2015 COA 48
Colo. Ct. App.2015Background
- Plaintiffs bought a lot in the Stirling Ranch community governed by a Declaration and Design Guidelines; the POA (through an Executive Board and a Design Review Board, DRB) reviews and approves building plans.
- Plaintiffs' architect misrepresented compliance with county height rules; DRB initially approved plans, construction began, and the county then issued a stop-work order for height violations.
- Plaintiffs submitted two sets of redesigned plans: the first redesign complied with county height limits but was rejected by the DRB for not conforming to Design Guidelines; a later redesign removing the second story was approved.
- Plaintiffs sued the POA seeking declaratory relief/equitable estoppel, negligence, and breach of fiduciary duty, claiming $261,565.97 in damages from the redesign requirement.
- The trial court found (1) the Declaration and Design Guidelines contained valid exculpatory clauses barring plaintiffs’ declaratory/equitable estoppel and negligence claims, and (2) the POA did not breach its fiduciary duty; the court entered judgment for the POA.
- On appeal, the court affirmed: it held the exculpatory clauses valid under the four Jones factors and found the POA/DRB’s denial of the redesign was not arbitrary or capricious.
Issues
| Issue | Plaintiff's Argument | Defendant's Argument | Held |
|---|---|---|---|
| Are the Declaration/Design Guideline exculpatory clauses enforceable to bar Plaintiffs’ declaratory/equitable estoppel and negligence claims? | Exculpatory clauses in the documents reference only the DRB, not the POA, and so cannot bar claims against the POA; HOA decisions are a public concern under CCIOA. | Clauses unambiguously release the DRB (and by extension the POA, which acts through the DRB/Executive Board); the DRB’s review of architectural applications is not a public duty and the Jones factors support enforceability. | Enforceable: court applied Jones factors and held clauses valid as to DRB conduct (thus barring the claims against the POA). |
| Does the CCIOA or statutory immunity make DRB/POA review a matter of public concern, invalidating the exculpatory clauses? | CCIOA and statutory volunteer-immunity provisions show HOA functions are public in nature and cannot be released contractually in this respect. | CCIOA delegates architectural-review authority to associations and limits review to non-arbitrary decisions, so the matter is not a public concern preventing contractual exculpation. | CCIOA does not render architectural-review decisions a public concern that defeats the exculpatory clauses; contractual release is permitted. |
| Were the exculpatory clauses fairly entered into (disparity of bargaining power)? | Plaintiffs had no meaningful bargaining power; clauses did not name the POA and thus were unfair. | Plaintiffs had notice (reviewed documents before purchase), could choose other housing, and the clauses reasonably put them on notice of protected parties. | No unfairness found; clauses were entered into fairly and plaintiffs were not at the mercy of the POA. |
| Did the POA breach its fiduciary duty or act arbitrarily/capriciously by rejecting plaintiffs’ redesign that complied with county height limits? | Once design complied with county height limits and was substantially similar to the initially approved plan, rejecting it was arbitrary given plaintiffs’ reliance. | The DRB/POA reasonably rejected the redesign because it still violated Design Guidelines (three-story effect, view corridor impact, mass/height concerns); their decision was consistent with Guidelines. | No breach: record supports that the POA/DRB acted reasonably and not arbitrarily or capriciously in denying the redesign. |
Key Cases Cited
- B & B Livery, Inc. v. Riehl, 960 P.2d 134 (Colo. 1998) (scope/validity of exculpatory clauses is a question of law)
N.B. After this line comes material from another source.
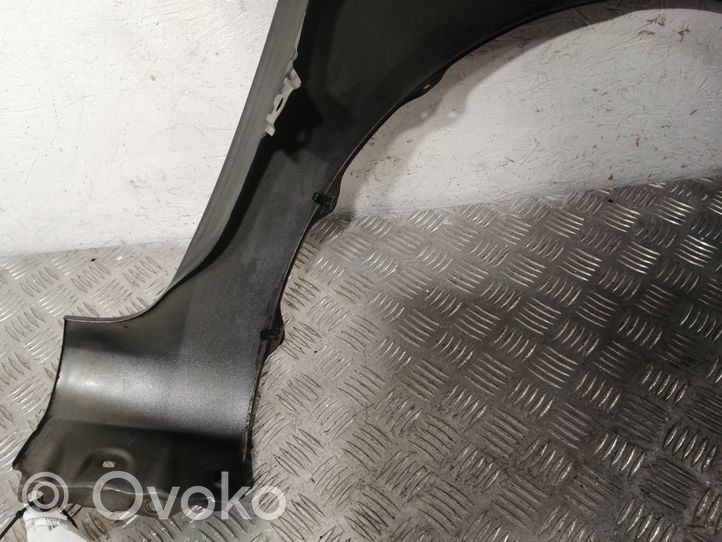 Toyota Auris 150 Błotnik przedni 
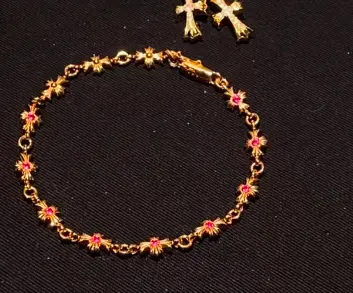 二手女士克罗心手链正品日淘网站选择,品牌珠宝饰品日淘!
- Jones v. Dressel, 623 P.2d 370 (Colo. 1981) (four-factor test for enforceability of exculpatory agreements)
- Chadwick v. Colt Ross Outfitters, Inc., 100 P.3d 465 (Colo. 2004) (parties may contractually release liability for negligent conduct consistent with statute)
- Wycoff v. Grace Cmty. Church of Assemblies of God, 251 P.3d 1260 (Colo. App. 2010) (de novo review of exculpatory clause validity)
- Hamill v. Cheley Colo. Camps, Inc., 262 P.3d 945 (Colo. App. 2011) (analyzing whether use of a service is a matter of choice or necessity for exculpatory enforceability)
- Woodward v. Bd. of Dirs. of Tamarron Ass'n of Condo. Owners, Inc., 155 P.3d 621 (Colo. App. 2007) (HOA must act reasonably and not arbitrarily in architectural approvals)
- Heil Valley Ranch, Inc. v. Simkin, 784 P.2d 781 (Colo. 1989) (exculpatory agreements invalid where one party is at obvious bargaining disadvantage)
- USI Props. E., Inc. v. Simpson, 938 P.2d 168 (Colo. 1997) (contract interpretation: unambiguous terms given their plain meaning)
- Rhue v. Cheyenne Homes, Inc., 449 P.2d 361 (Colo. 1969) (architectural control committee decisions must be reasonable and made in good faith)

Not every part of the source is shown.